Showing posts with label health. Show all posts
Showing posts with label health. Show all posts

Wednesday, 16 December 2009

A Senior Moment

That nice Mr Automatic called me the other evening. It was the first time I'd heard from him since around last February, and it was good to hear his dulcet tones enquiring after my health and temper in this wintry weather. Are your symptoms worse than usual? No. Do you have enough medication to last two weeks? Yes. And so on. I'm not sure quite what happens if you answer 'Yes' and 'No' respectively, mind - a couple of years ago, when Mr Automatic was still experimental and not so well trained, my symptoms really were a lot worse than usual and I was having problems talking at all. After several repetitions of questions with a polite 'I'm sorry, I can't understand you' he finally just gave up, hung up and said he'd call again! I'm sure, though, that the new, better trained Mr Automatic would not behave in such a cavalier fashion but would send round knights in shining armour (or green scrubs) to make sure I was OK.

Anyway, some considerable time later I was mulling over my good fortune in having someone checking up on me so nicely when I realised that I had no recent memory of acquiring any medication. One particular item on which I depend lasts exactly four weeks, and I usually re-order as soon as I start on a new supply, so that I don't have to panic about getting down to Fore Street to collect it until I feel like it. But I was about half way through, and - had I ordered it? There was no new supply on the shelf. I had ordered and collected medication for Ron last week, but where was mine? I had to call the surgery and ask them - had I ordered it and forgotten to collect it? Had I collected it and forgotten to put it on the shelf? No, I hadn't ordered it at all. So now I have, and all will be well.

Mr Automatic, I thank you. On your very first day of operation this winter you have already saved, if not a life, at least considerable discomfort and embarrassment. According to the BBC, Mr Automatic costs the taxpayer £21 per patient per year, and he is worth every penny. Taxpayers, I thank you too.

Wednesday, 21 October 2009

Windowgazing

Three times in the last four days I have seen an unknown bird hopping happily along my back fence. Like a grey robin, with just a hint of darker edges to the wings and reddish tail. Inspection of several bird books, the RSPB website, Google images etc have convinced me that she is a female Black Redstart, apparently not that unusual round here on migration, although they definitely breed much further north and winter much further south than Cornwall. I've carefully studied pictures of the male of the species in the hope that he too may be passing by my garden, but so far it would seem not. Just the one solitary female, but happy enough to stay a while with me.

Also happily bobbing along the fence the other day was a wren. Back and forth, then running along the horizontal rail, disappearing into the red jasmine, out the other side, back again... This is the first wren I've ever seen in my garden - there are lots in the coombe, but I'm surprised one has ventured three whole rows of houses uphill! That red jasmine would be an ideal place for a wren's nest or three - maybe in the spring...

I've been doing rather more birdgazing out of the kitchen window than usual over the last few days because I caught a cold. Actually Ron and I both started snuffling and sneezing more or less simultaneously last Wednesday evening and have generally gone downhill (and back up again) since then.
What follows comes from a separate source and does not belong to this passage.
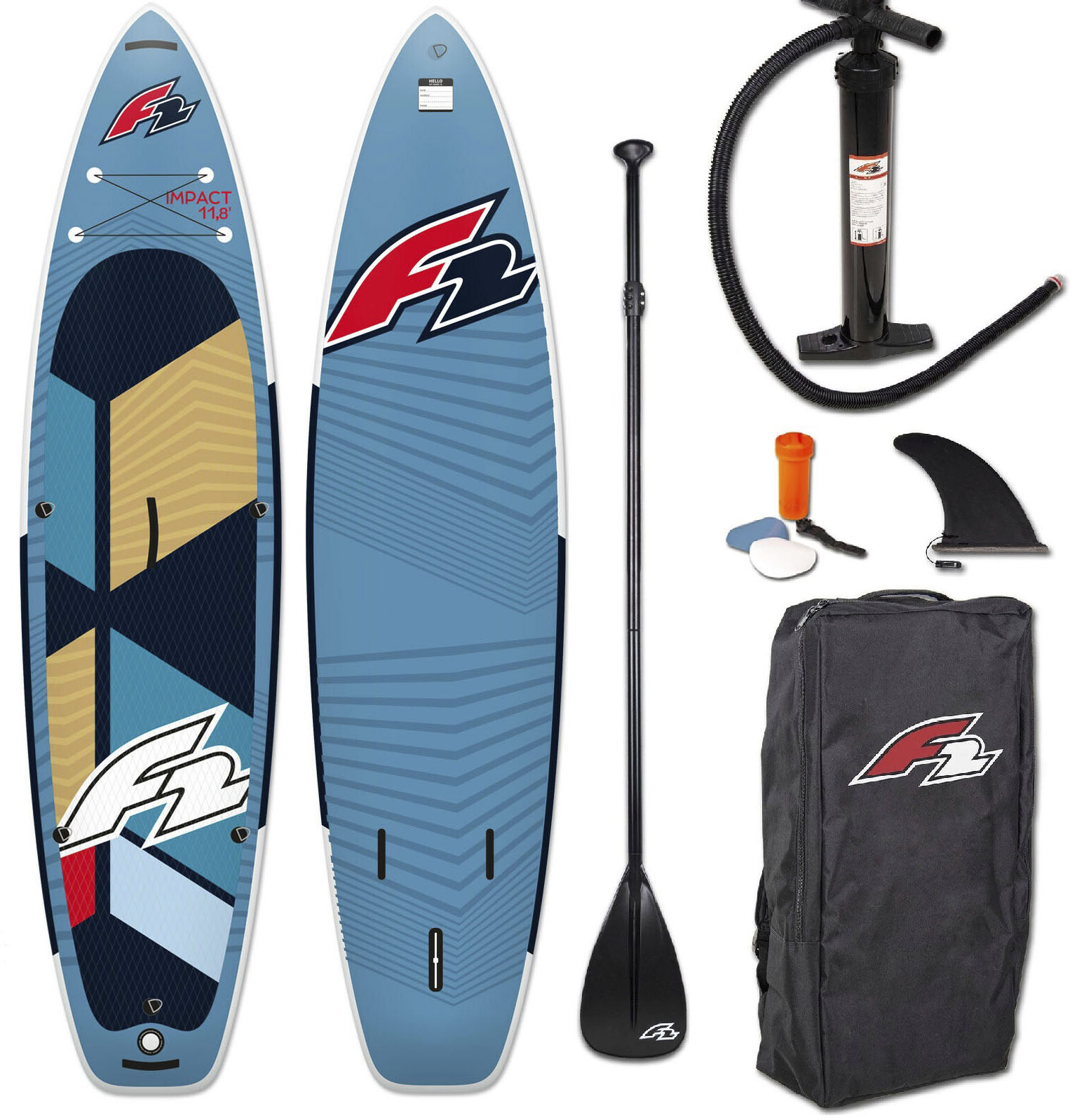 F2 Inflatable SUP-Board „Impact turquoise 10,8“, (Packung, 5 tlg.)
Ironically enough, we were due for flu jabs on Saturday morning but were deemed too ill to have them, so will have to wait another month for the next flu jab clinic.
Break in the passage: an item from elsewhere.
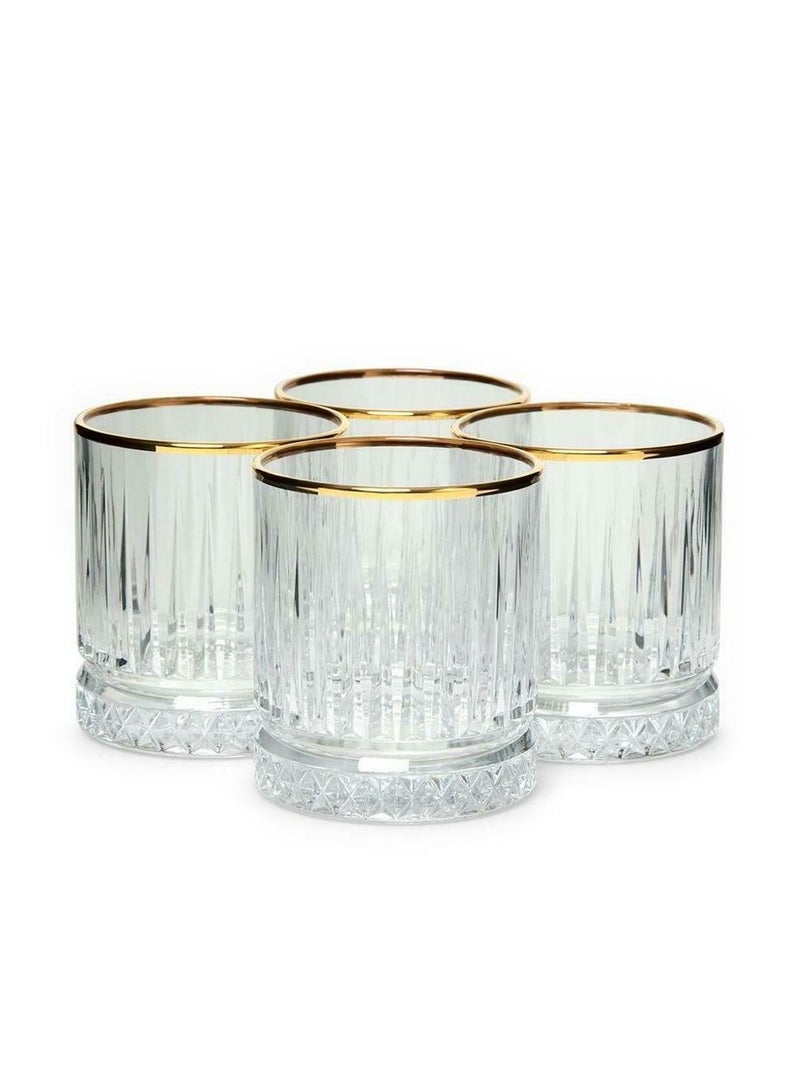 4-Piece Elysia Golden Touch Glass Set, 355 ml Clear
This is the first cold I've had for almost two years but of course it developed rapidly into a minor pulmonary crisis. A small salutary reminder of one's mortality every now and then isn't necessarily a bad thing; after a night where there were doubts as to whether the next breath was actually going to happen, a morning of wrens and redstarts, sparrows, starlings, even some sunshine, reinforces the fact that still being alive is, well, quite an achievement really.